- Work item
All records below are to be set down precisely as written, excluding pictures.

*** Records provided Section Begins ***

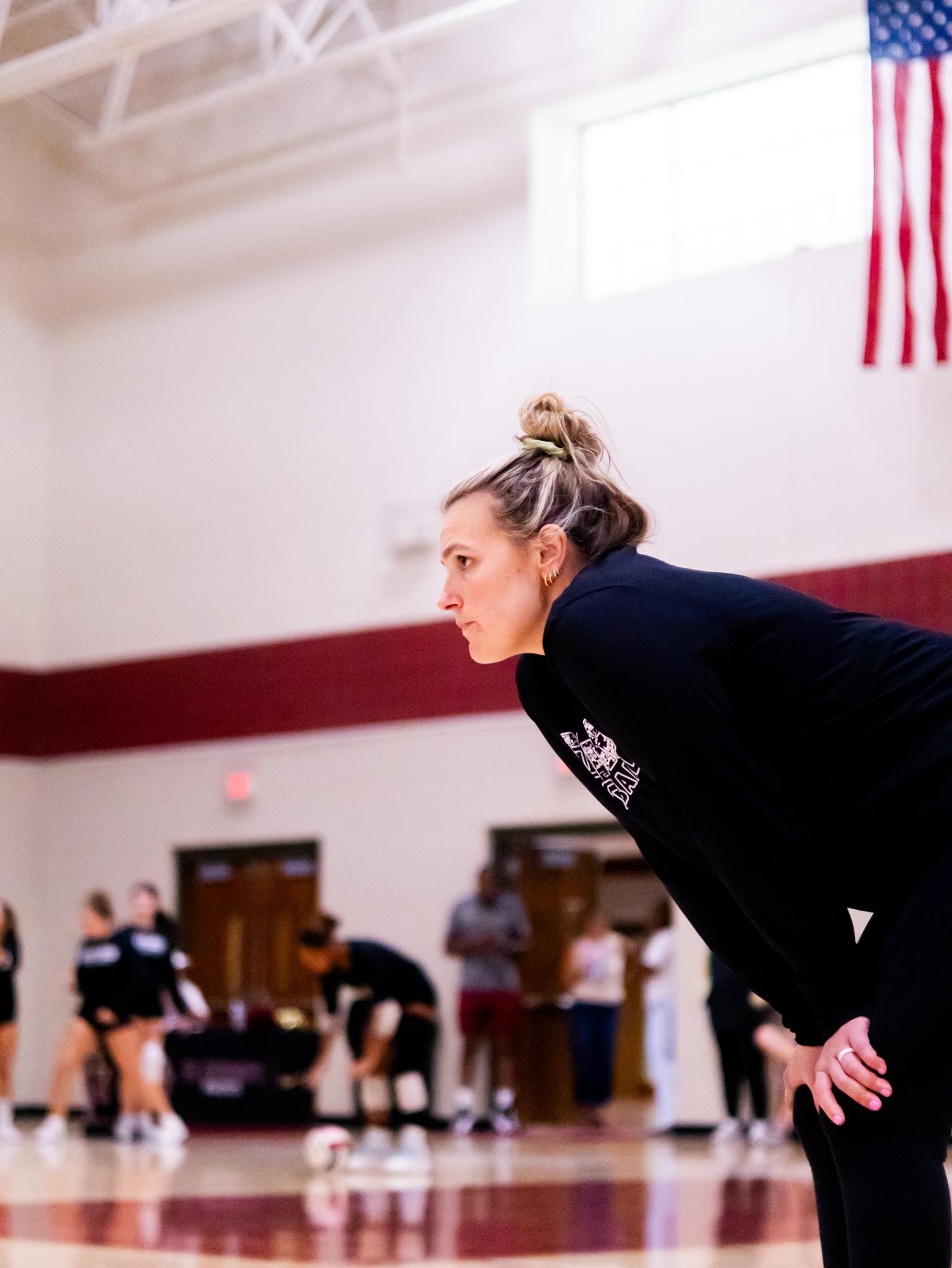 Coach Sami Hartsoe looks towards the court during the senior night game agaisnt St. Agnes in Slatery Gym on Sept. 25, 2026. Hartsoe’s team advanced the region finals where they placed second to Northpoint Christian School and would conclude their season in the first round of sub-state. 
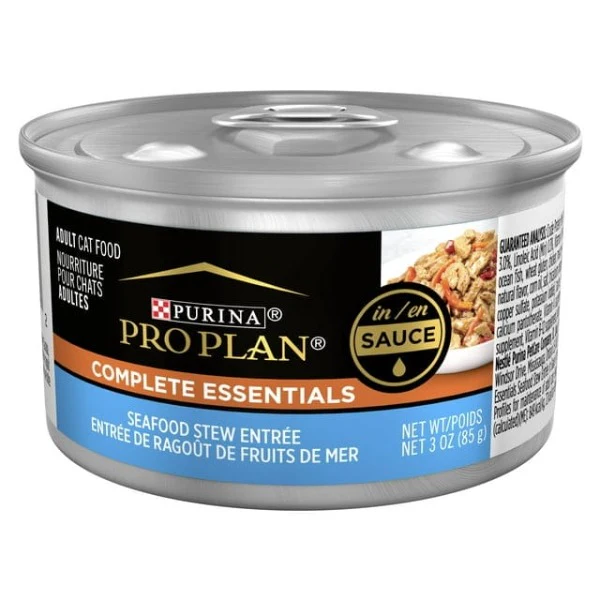 Purina Pro Plan Complete Essentials Seafood Stew Entrée in Sauce Canned Cat Food, 85g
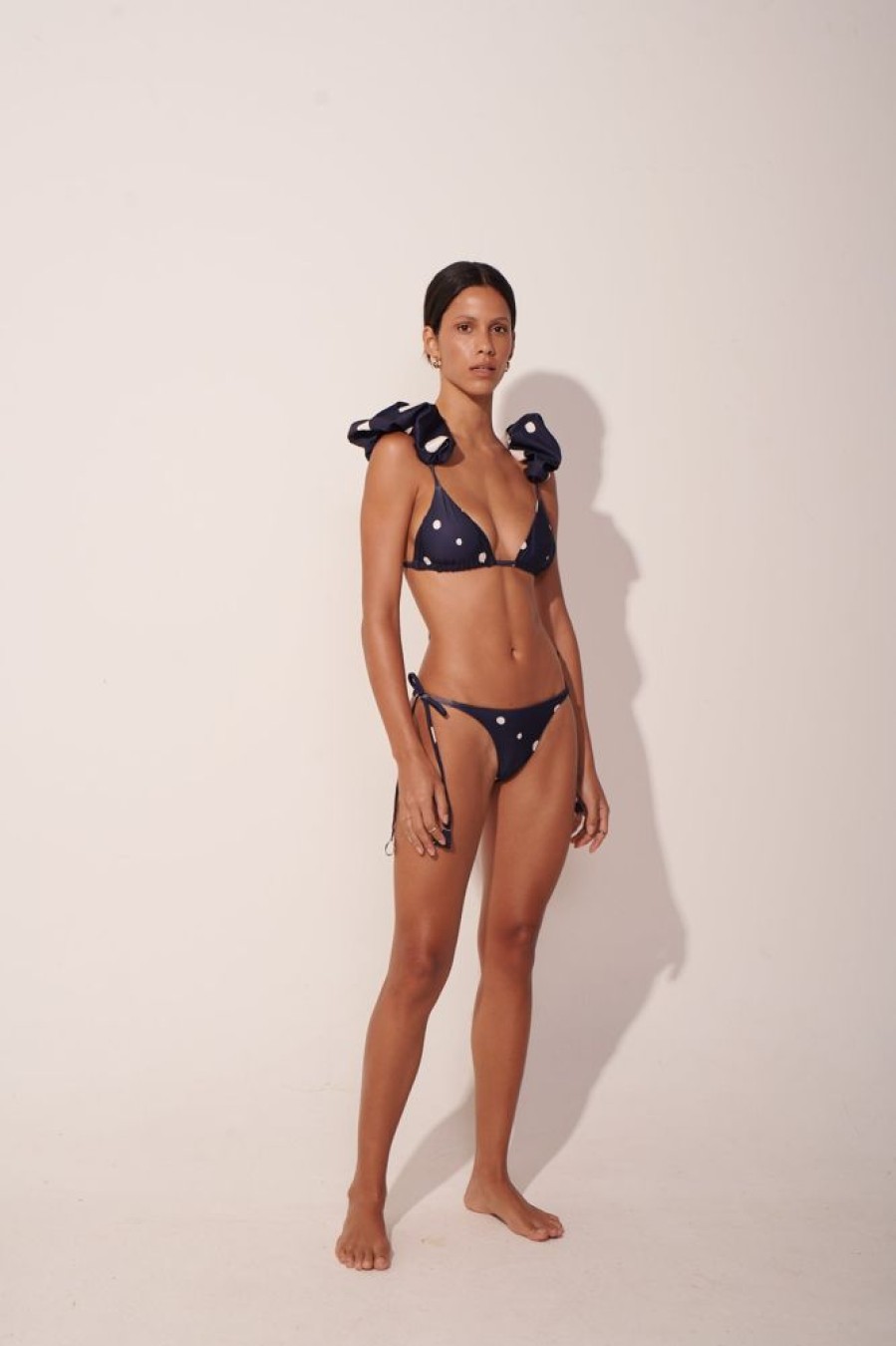 Bikinis Ancora Ruched | One Of A Kind Bikini Bottom Polka Navy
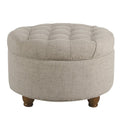 Large Round Tufted Storage Ottoman with Lift-Off Lid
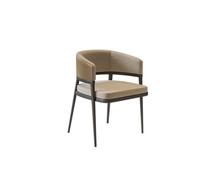 KIBONCY Modern Upholstered Dining Chair with Curved Half Ring Backrest, Linen & Faux Leather Mixed Accent Side, Sturdy Black Metal Leg Kitchen for Room(C)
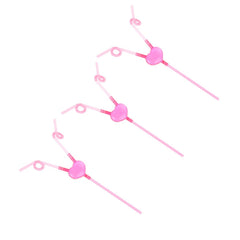 3/5/10pcs Funny Love Heart Double Head Straws Plastic Drinking Straws Flexible Drinking Tube Birthday Party Supplies Accessories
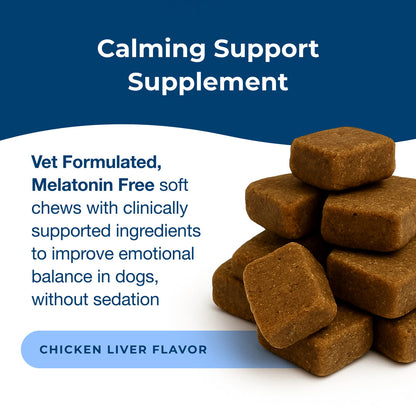 PetAg Dyne Soft Chews Calming Support and Stress Relief from Loud Noises, Travel & Separation Non-Sedative, Chicken Liver Flatvored, 60 Count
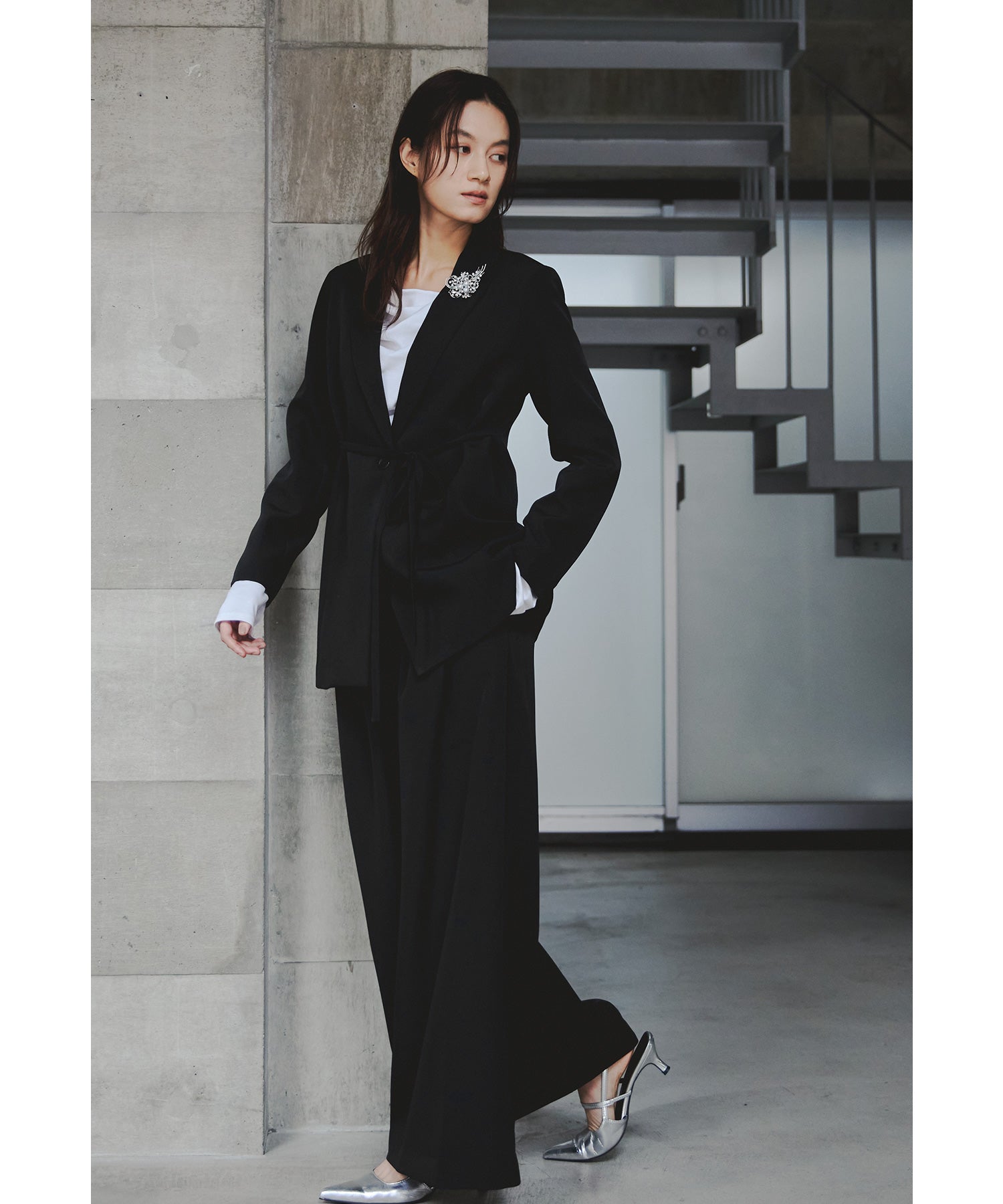 リボンジャケットパンツスーツ 2点セット レディース セットアップ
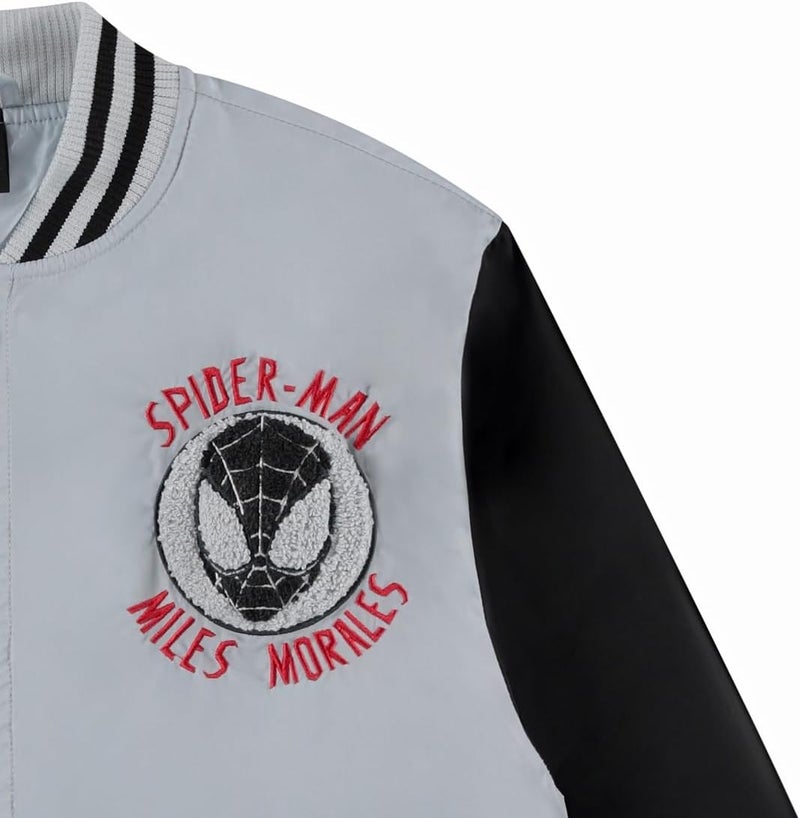 MARVEL Spiderman Miles Morales Varsity Bomber Jacket for Boys - Toddler & Kids Bomber Jacket - Retro Zip-Up Varsity Jackets - Image 4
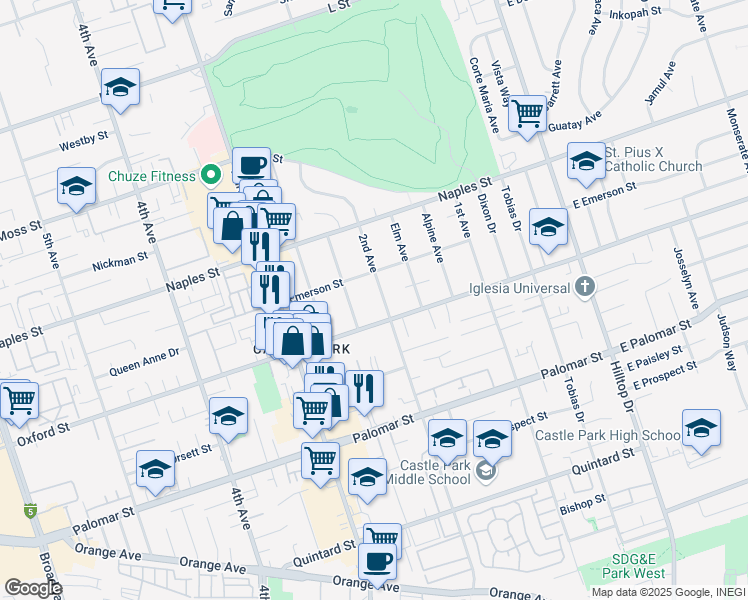 map of restaurants, bars, coffee shops, grocery stores, and more near 216 Oxford Street in Chula Vista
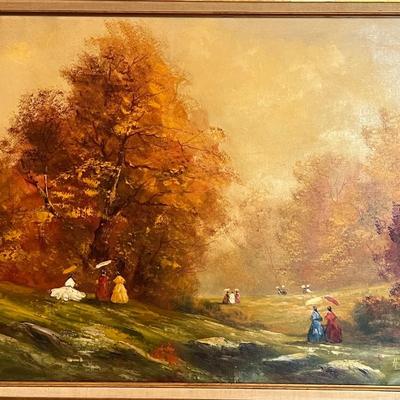 H. DeRosa Landscape Oil Painting- SIGNED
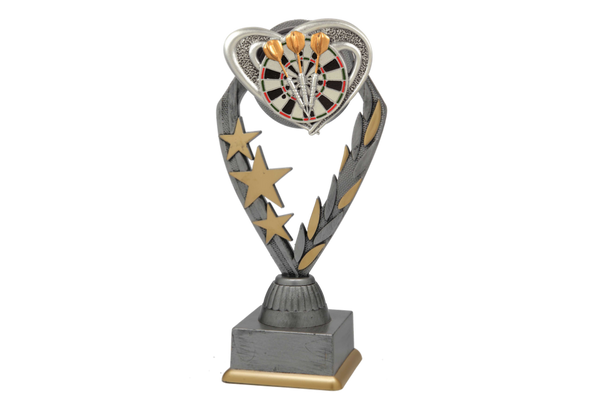 Dart Pokal PFS_009 - 22.5 cm / Silber Mehrfarbig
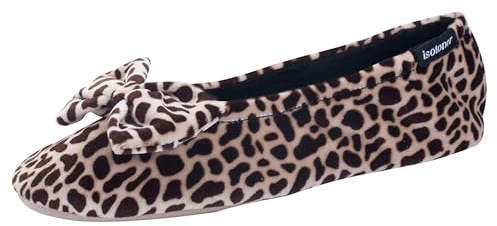 Chaussons FEMME Velours - grand noeud Isotoner 37/38 EU, Girafe
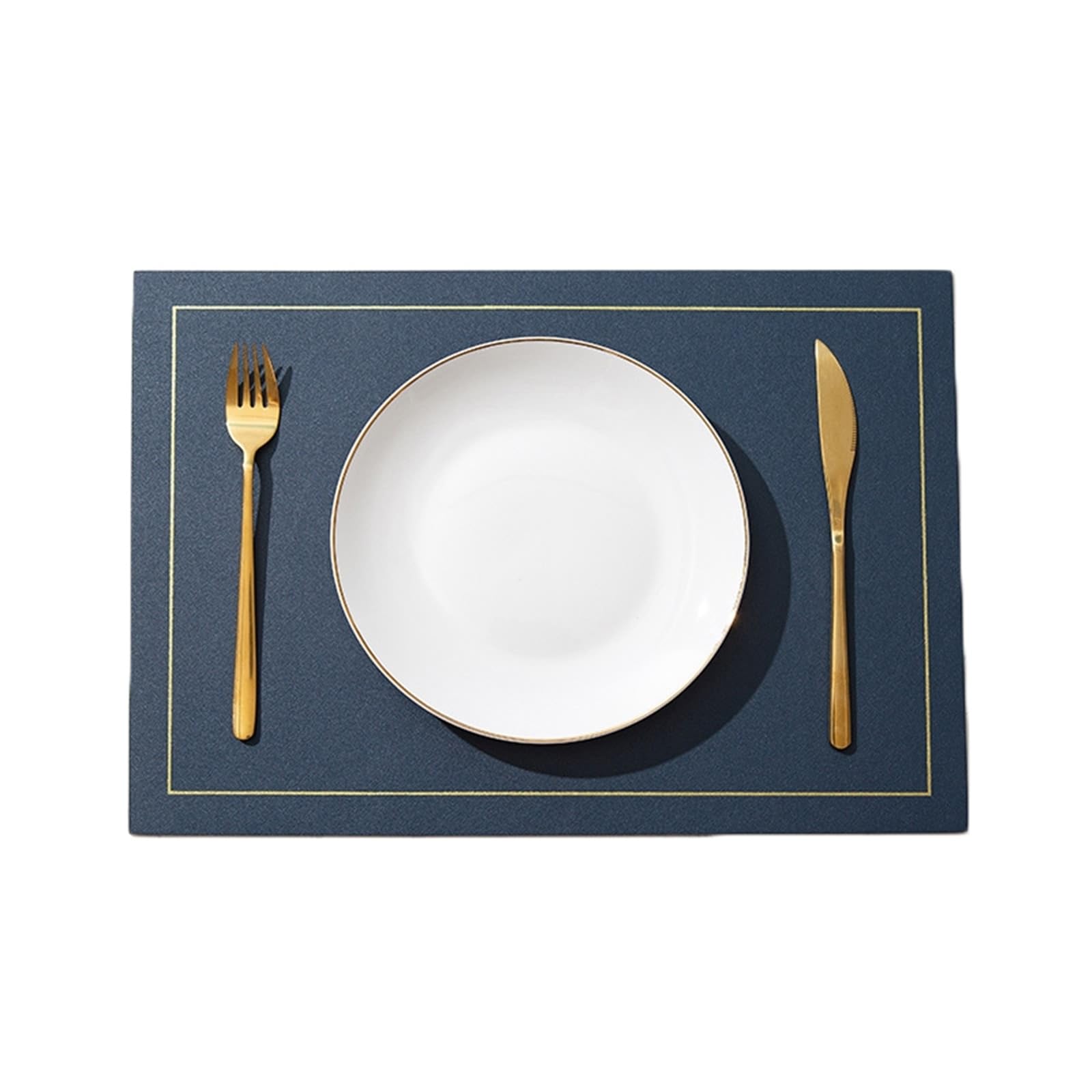 Set de table bleu marine et jaune chic réversible bicolore lavable pour table de cuisine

*** Records provided Section Ends ***

- The completed task
 Coach Sami Hartsoe looks towards the court during the senior night game agaisnt St. Agnes in Slatery Gym on Sept. 25, 2026. Hartsoe’s team advanced the region finals where they placed second to Northpoint Christian School and would conclude their season in the first round of sub-state. 
 Purina Pro Plan Complete Essentials Seafood Stew Entrée in Sauce Canned Cat Food, 85g
 Bikinis Ancora Ruched | One Of A Kind Bikini Bottom Polka Navy
 Large Round Tufted Storage Ottoman with Lift-Off Lid
 KIBONCY Modern Upholstered Dining Chair with Curved Half Ring Backrest, Linen & Faux Leather Mixed Accent Side, Sturdy Black Metal Leg Kitchen for Room(C)
 3/5/10pcs Funny Love Heart Double Head Straws Plastic Drinking Straws Flexible Drinking Tube Birthday Party Supplies Accessories
 PetAg Dyne Soft Chews Calming Support and Stress Relief from Loud Noises, Travel & Separation Non-Sedative, Chicken Liver Flatvored, 60 Count
 リボンジャケットパンツスーツ 2点セット レディース セットアップ
 MARVEL Spiderman Miles Morales Varsity Bomber Jacket for Boys - Toddler & Kids Bomber Jacket - Retro Zip-Up Varsity Jackets - Image 4
 map of restaurants, bars, coffee shops, grocery stores, and more near 216 Oxford Street in Chula Vista
 H. DeRosa Landscape Oil Painting- SIGNED
 Dart Pokal PFS_009 - 22.5 cm / Silber Mehrfarbig
 Chaussons FEMME Velours - grand noeud Isotoner 37/38 EU, Girafe
 Set de table bleu marine et jaune chic réversible bicolore lavable pour table de cuisine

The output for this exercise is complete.